Metaphorically speaking, the Premiership can head to Nyon, Switzerland, for Friday's UEFA Champions League Round of 16 draw with a smug grin and its chest puffed out.
All four English clubs - the maximum quota allowed under UEFA rules - didn't just qualify for the knockout phase of Europe's elite competition, but secured their passage as group winners. A feat neither Italy, Spain nor Germany could match.
The managers of England's representatives are in bullish mood. Arsenal manager Arsene Wenger, who guided his unfancied team to last year's final, claims his side can go the distance once more and believes that Europe's top competition is starting to feel the full force of the Premiership.
Manchester United boss Sir Alex Ferguson, who won the European Cup in 1999 with the Red Devils, also believes a British club (the Scot includes Celtic) can win the title and that his Premiership leaders are in the form to go all the way.
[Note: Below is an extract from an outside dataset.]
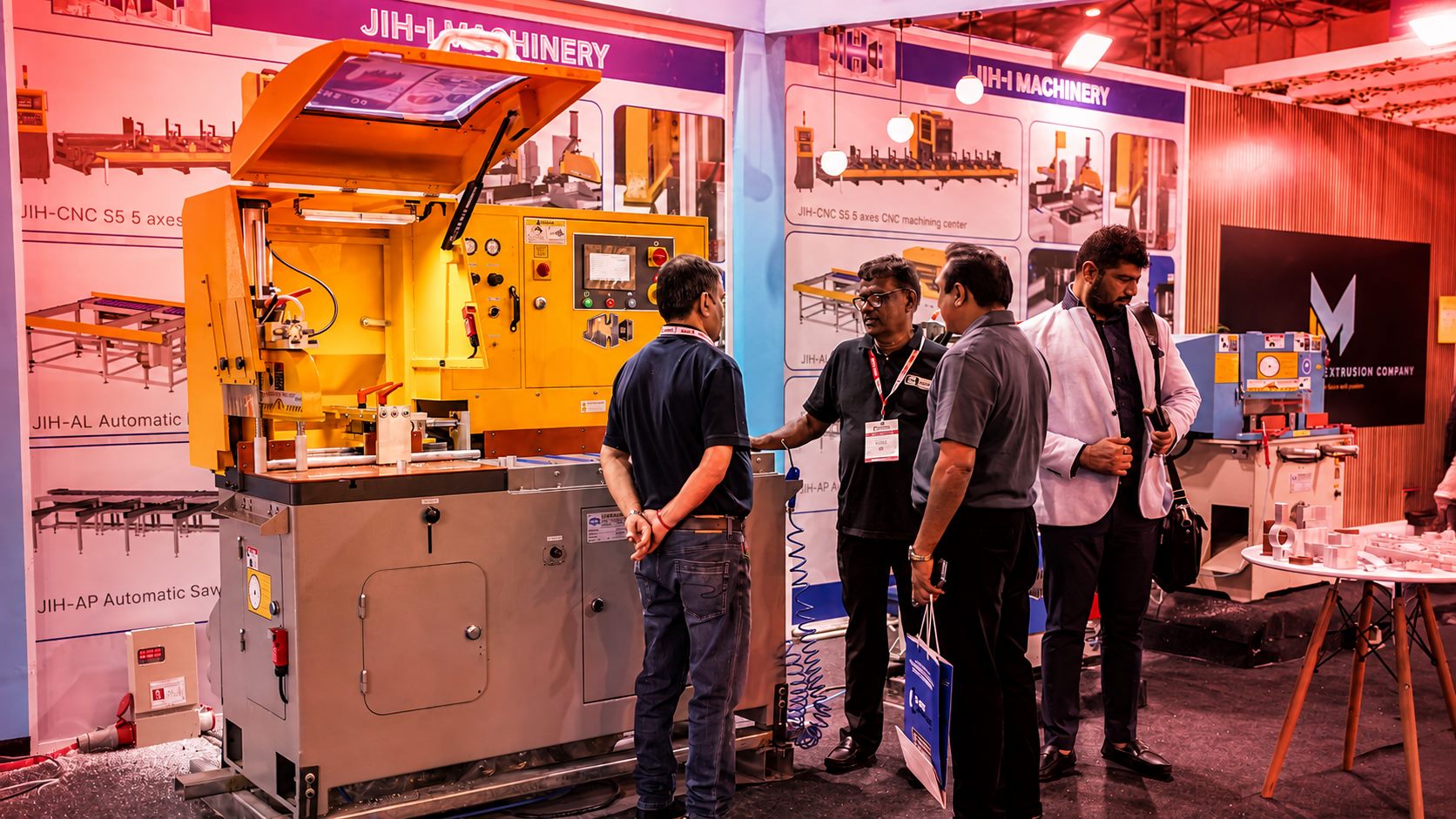 Buyers discussing CNC machining equipment at the expo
Chelsea boss Jose Mourinho is simply expected to win the competition by billionaire chairman Roman Abramovich and Rafa Benitez's stuttering Liverpool, who won their fifth European title as recently as 2005, are also talking up their chances - although the bookies make them the least likely of the quartet to be successful.
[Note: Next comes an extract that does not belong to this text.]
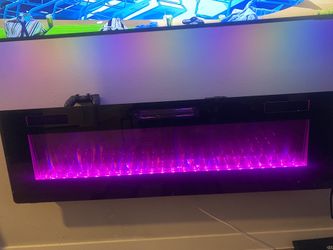 60 inch electric fireplace. Hardly used.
But talk, as they say, is cheap and whilst all of the Premiership's representatives are saying all the right things there are still some major obstacles to overcome, at least six ties are to be negotiated before the final, and Friday's draw will simply confirm the magnitude of the initial obstruction.
Each group winner goes into the hat knowing they will enjoy the advantage of playing the second-leg of their tie at home and that they cannot be pitted against a fellow table-topper or against a member of the same federation. This eliminates the likes of Bayern Munich and AC Milan but five domestic league leaders remain in the runners-up pot, including reigning European Champions Barcelona.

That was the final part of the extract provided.